Star Wars was always about overcoming limits; it was about the boy from a desert planet who went beyond what anyone could expect to make the galaxy a better place (twice, though it wasn’t quite successful with the prequels).

“The Last Jedi” just didn’t provide that for a lot of people, and I think that’s why we see so much of a backlash against it: gone is the space opera swords and sorcery, and instead in its place is a critique of the way the universe works. Instead of bearing a message of hope, it has a confused and unclear message that is equal parts dark and light.

It was in the aftermath of God’s death that the great collective horrors of Communism and Fascism sprang forth (as both Dostoevsky and Nietzsche predicted they would).

In a sense, I suppose that the backlash against “The Last Jedi” could really come back to this Nietzschean sense of God’s death; in an increasingly skeptical and secular society, the only hope is to have a collective belief in a brighter future (or return to the old religious ways, but there are many people for whom that is not considered an acceptable outcome), and the direction that the plot took is more aligned with the nihilism that the earlier Star Wars movies embraced.

  • The problem with solving problems is that we forget that those problems existed.
    • For instance, with organized Christianity there was a backlash against what was seen as undue social control.
    • Order and sacrifice are necessary to even build what we would consider free will: those who cannot resist temptation don’t really live a life, merely follow currents.
    • Christianity as a philosophical movement ended slavery and changed the view of the value of human life in the Western world.

This means that the central problem of life— the dealing with its brute facts— is not merely what and how to sacrifice to diminish suffering, but what and how to sacrifice to diminish suffering and evil— the conscious and voluntary and vengeful source of the worst suffering.

This is an interesting point, and I think it’s a little above my pay grade, but that’s never stopped me before.

While I find the premise of this interesting, it’s worth noting that one of the things that Peterson says is that, in essence, we’ll always find new problems over the horizon. Nobody who read his work seriously would take that as a defeatist statement, but rather there’s an interesting point to be had here.

What problems have we forgotten about? Where are our abandoned primordial struggles?

This one will probably linger with me for a while, since it’s not only a compelling thought but a worrying one: we are so future-oriented we forget our past.

  • Sacrifice is part of the things that make people advanced; they begin to consider things beyond simply what are known and instead have a mind for what is hoped for.
    • Likewise, the lack of sacrifice is often a sign that something is wrong. It can mean that we have exploited others to achieve our goals, or that we are settling for things that are not what they could be.

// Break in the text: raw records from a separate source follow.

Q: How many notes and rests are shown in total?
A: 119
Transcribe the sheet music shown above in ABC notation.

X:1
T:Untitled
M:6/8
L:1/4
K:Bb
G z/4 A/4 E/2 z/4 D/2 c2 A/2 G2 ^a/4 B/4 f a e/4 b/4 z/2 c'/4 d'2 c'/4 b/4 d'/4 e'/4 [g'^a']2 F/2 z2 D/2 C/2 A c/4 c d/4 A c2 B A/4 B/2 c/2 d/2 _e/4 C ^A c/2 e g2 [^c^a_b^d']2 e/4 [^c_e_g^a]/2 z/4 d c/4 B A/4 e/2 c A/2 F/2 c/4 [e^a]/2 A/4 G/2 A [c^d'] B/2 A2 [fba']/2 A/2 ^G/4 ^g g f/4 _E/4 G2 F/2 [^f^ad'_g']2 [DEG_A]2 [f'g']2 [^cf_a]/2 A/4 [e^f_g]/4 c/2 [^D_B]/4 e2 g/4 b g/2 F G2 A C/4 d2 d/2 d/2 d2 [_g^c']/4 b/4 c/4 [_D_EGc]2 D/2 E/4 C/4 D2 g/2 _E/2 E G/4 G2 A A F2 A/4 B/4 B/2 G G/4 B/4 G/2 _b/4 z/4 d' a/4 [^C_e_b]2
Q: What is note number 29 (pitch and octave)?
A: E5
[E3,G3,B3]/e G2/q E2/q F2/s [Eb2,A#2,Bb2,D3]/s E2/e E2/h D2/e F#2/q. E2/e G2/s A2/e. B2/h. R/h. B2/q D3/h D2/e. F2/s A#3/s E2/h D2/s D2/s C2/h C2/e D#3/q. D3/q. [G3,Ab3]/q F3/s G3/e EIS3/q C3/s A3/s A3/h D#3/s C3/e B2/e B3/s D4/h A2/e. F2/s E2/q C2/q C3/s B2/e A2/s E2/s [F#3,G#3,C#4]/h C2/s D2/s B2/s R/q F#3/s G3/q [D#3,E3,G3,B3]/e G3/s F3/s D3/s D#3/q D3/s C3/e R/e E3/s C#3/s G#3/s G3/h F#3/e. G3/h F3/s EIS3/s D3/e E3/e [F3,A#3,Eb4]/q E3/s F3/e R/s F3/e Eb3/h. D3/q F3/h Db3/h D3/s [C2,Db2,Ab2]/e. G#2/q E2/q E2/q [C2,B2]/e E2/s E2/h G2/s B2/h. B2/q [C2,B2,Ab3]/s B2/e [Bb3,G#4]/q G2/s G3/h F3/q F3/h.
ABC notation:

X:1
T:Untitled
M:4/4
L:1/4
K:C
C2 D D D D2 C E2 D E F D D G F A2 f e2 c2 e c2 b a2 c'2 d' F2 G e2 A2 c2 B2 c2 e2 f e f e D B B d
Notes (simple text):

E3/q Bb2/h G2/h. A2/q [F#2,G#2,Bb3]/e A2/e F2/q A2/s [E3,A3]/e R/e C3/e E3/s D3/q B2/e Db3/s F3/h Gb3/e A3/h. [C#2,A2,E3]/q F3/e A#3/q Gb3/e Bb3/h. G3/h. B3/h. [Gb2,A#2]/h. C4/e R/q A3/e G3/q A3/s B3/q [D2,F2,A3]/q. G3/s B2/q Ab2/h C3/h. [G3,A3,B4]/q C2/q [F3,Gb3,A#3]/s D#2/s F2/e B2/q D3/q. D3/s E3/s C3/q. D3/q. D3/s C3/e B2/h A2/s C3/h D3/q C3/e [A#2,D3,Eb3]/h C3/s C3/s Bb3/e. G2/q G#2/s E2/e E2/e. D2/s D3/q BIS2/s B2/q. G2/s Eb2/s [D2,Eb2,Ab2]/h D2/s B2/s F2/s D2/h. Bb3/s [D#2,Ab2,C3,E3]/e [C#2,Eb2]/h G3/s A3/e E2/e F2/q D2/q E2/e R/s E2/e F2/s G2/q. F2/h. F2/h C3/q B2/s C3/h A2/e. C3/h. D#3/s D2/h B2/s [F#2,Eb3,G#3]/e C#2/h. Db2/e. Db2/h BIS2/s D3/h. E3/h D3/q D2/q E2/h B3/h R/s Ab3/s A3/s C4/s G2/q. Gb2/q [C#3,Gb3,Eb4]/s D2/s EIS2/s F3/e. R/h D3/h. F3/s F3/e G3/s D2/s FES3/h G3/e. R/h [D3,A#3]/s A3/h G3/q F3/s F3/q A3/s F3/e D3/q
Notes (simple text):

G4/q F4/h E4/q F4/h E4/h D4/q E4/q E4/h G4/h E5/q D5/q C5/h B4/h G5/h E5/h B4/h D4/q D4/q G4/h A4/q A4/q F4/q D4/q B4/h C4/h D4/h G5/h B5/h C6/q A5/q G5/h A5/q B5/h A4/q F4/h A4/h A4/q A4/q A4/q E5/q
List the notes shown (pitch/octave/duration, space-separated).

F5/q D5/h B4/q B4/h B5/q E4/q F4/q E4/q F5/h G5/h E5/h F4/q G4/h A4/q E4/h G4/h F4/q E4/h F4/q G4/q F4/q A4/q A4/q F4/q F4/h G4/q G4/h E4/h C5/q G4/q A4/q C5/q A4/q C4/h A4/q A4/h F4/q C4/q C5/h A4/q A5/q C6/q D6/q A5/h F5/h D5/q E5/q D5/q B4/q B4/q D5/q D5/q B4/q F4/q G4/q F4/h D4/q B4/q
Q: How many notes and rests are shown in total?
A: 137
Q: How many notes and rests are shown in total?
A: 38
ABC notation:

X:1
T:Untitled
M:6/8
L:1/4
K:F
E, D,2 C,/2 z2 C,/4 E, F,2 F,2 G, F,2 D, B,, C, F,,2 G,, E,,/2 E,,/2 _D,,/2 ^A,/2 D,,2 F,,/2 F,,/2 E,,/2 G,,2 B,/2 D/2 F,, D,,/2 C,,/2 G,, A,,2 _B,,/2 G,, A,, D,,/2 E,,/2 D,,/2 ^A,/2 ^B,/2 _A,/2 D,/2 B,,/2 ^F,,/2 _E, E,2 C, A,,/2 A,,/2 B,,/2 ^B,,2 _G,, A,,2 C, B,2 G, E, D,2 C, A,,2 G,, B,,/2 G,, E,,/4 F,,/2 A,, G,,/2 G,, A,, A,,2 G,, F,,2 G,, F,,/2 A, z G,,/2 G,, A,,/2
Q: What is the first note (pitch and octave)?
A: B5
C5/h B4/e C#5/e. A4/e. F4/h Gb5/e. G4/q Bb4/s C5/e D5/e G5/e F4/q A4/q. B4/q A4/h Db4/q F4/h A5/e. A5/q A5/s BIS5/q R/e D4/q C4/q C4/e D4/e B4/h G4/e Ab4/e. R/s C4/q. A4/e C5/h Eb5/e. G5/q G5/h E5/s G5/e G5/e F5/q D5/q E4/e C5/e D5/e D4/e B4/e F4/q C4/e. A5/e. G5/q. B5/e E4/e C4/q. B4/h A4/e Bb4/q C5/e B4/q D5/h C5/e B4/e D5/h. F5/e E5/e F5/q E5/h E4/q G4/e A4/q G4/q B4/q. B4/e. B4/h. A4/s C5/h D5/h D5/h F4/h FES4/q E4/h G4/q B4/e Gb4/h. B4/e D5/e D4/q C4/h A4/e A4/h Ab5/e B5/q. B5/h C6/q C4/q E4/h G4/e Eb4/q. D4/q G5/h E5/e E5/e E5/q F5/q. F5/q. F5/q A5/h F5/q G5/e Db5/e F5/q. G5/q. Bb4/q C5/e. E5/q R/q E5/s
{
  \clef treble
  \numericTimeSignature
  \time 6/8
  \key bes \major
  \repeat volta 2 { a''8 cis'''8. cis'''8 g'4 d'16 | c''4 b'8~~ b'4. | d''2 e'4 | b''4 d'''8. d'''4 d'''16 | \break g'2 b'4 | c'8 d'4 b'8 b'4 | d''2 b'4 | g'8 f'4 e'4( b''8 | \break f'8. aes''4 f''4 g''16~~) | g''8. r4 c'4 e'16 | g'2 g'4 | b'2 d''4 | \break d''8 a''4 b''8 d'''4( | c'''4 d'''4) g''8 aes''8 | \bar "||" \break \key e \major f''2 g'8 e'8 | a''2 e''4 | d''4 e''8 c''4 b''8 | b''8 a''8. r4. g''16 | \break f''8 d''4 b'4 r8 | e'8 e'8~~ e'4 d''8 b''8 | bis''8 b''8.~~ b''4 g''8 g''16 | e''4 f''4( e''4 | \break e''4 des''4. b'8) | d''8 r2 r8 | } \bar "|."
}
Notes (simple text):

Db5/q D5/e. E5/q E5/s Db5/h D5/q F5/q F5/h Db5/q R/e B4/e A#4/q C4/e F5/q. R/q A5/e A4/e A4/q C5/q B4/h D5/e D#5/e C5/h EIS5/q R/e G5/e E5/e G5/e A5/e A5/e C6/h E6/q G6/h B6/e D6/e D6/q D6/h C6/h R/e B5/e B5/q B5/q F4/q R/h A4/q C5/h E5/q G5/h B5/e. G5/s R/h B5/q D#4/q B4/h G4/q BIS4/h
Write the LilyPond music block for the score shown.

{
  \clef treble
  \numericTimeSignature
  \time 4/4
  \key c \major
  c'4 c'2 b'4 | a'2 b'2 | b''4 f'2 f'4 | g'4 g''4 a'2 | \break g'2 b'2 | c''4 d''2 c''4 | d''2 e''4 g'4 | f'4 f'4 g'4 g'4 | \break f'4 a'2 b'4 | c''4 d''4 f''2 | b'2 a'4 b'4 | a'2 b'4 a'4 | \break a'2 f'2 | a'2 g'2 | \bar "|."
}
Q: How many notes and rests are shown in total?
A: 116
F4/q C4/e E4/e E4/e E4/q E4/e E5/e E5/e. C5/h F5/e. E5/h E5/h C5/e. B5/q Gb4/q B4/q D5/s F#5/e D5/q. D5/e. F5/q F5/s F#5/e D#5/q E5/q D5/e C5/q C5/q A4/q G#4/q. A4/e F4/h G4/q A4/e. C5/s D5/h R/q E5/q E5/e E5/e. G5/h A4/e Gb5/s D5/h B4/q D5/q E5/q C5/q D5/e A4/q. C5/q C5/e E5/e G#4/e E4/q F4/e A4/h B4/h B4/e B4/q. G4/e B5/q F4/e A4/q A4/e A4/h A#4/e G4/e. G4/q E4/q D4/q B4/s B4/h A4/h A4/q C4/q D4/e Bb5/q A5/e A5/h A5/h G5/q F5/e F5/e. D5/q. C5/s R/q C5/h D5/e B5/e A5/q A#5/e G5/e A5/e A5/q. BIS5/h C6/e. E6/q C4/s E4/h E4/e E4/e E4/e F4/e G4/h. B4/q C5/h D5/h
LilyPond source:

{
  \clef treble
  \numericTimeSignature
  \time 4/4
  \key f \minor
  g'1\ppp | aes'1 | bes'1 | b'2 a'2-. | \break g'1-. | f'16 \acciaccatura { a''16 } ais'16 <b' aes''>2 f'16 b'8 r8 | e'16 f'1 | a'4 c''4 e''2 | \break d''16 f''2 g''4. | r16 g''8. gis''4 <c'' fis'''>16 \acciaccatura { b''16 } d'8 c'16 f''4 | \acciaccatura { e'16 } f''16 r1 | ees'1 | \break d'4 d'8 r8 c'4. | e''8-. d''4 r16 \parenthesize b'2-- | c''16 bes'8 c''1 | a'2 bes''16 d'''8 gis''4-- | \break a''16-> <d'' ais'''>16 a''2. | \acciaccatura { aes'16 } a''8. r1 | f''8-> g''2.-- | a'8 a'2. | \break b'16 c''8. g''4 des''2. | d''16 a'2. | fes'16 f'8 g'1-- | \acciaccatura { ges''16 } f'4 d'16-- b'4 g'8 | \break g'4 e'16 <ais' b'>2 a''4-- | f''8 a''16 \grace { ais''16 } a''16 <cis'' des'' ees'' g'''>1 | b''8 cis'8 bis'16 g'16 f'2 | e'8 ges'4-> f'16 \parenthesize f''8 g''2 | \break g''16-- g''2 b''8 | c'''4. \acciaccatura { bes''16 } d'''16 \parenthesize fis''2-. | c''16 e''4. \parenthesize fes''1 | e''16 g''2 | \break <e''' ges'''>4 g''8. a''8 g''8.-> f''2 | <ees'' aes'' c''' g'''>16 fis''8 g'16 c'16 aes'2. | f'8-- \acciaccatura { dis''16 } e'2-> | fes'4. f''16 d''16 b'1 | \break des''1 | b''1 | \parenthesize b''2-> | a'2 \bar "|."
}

Expedience— that’s hiding all the skeletons in the closet. That’s covering the blood you just spilled with a carpet. That’s avoiding responsibility. It’s cowardly, and shallow, and wrong.

Peterson’s most dramatic language in the chapter comes up when he talks about this notion of expedience, and how people will ignore the consequences of their actions if there is a perceived greater end (the end justifies the means, in other words).

I think that this is something that we need to be especially aware of in today’s society. We are so unerringly driven, and encouraged to be in such a fashion active in our society, that we forget that we need to approach our lives in a way that respects our existence in the universe; it may be appropriate to make great changes, but it can also lead to great death, chaos, and evil to forget what is truly important and sacrifice the wrong things.